No more Blue Banana, Europe's industrial heart moves east

No more Blue Banana, Europe's industrial heart moves east

FABRIZIO BENSCH

BRUSSELS (Reuters) - Once depicted as a "Blue Banana" stretching from Manchester to Milan, Europe's industrial heartland has moved eastwards just as its political center of gravity has shifted to Germany.

The term was coined in 1989 - the year the Berlin Wall fell - to describe French geographer Roger Brunet's work identifying a manufacturing megacity, visible from space at night as a band of light curving from England to Italy via the Netherlands, Belgium, West Germany and Switzerland.

Brunet was worried that France, a highly centralized economy dominated by Paris, was falling off the map.

He developed the concept to urge the government to invest in infrastructure to connect the Paris-Lyon-Marseille axis to the highly urbanized European backbone of around 110 million people.

A quarter of a century later, the continent's industrial geography has morphed.
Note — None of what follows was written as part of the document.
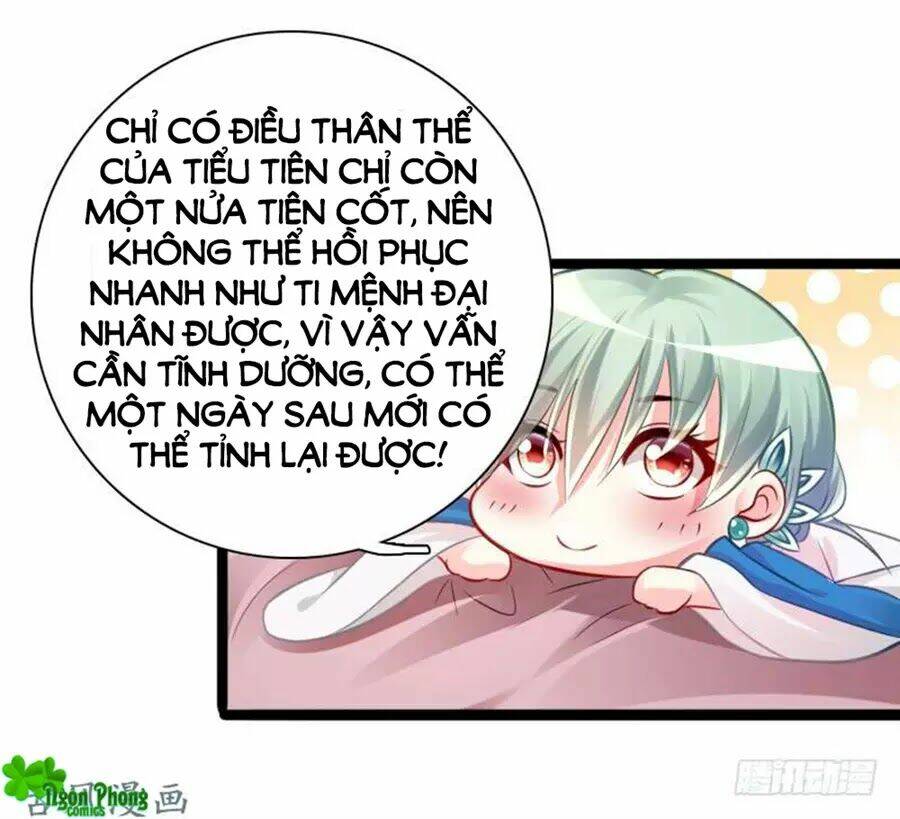 Vạn Năm Nhân Duyên Nhất Tuyến Khiên: Chapter 73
A more fitting image might be a golden soccer ball centered on southern Germany and reaching into Poland, Hungary, the Czech Republic, Slovakia, Austria and Romania.
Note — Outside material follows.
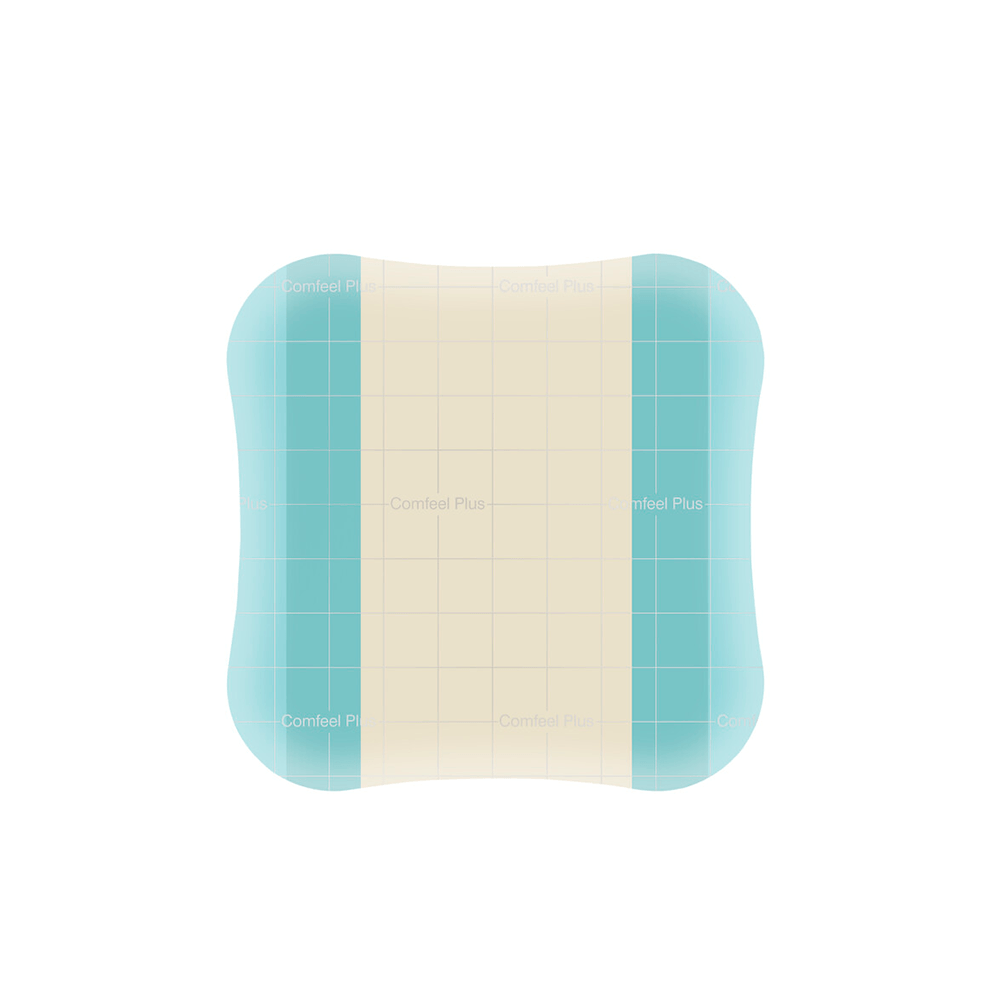 Comfeel Plus Comfeel Plus 10x10cm 10 Unidades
"We have seen a huge relocation and concentration into a central European manufacturing core," says Michael Landesmann, scientific director of the Vienna Institute for International Economic Studies.

Former-communist countries that joined the European Union in 2004 and 2007 have become the extended production line of German industry, no longer just supplying raw materials and components but assembling cars and some industrial machinery.

Manufacturing employment has declined everywhere in Europe as a share of the workforce but most sharply in Britain, France and Belgium, with the post-2008 economic crisis accelerating a trend driven by the globalization of supply chains.

The shift in the balance of trade inside the now 28-member EU in the decade since its eastward enlargement began offers a striking illustration.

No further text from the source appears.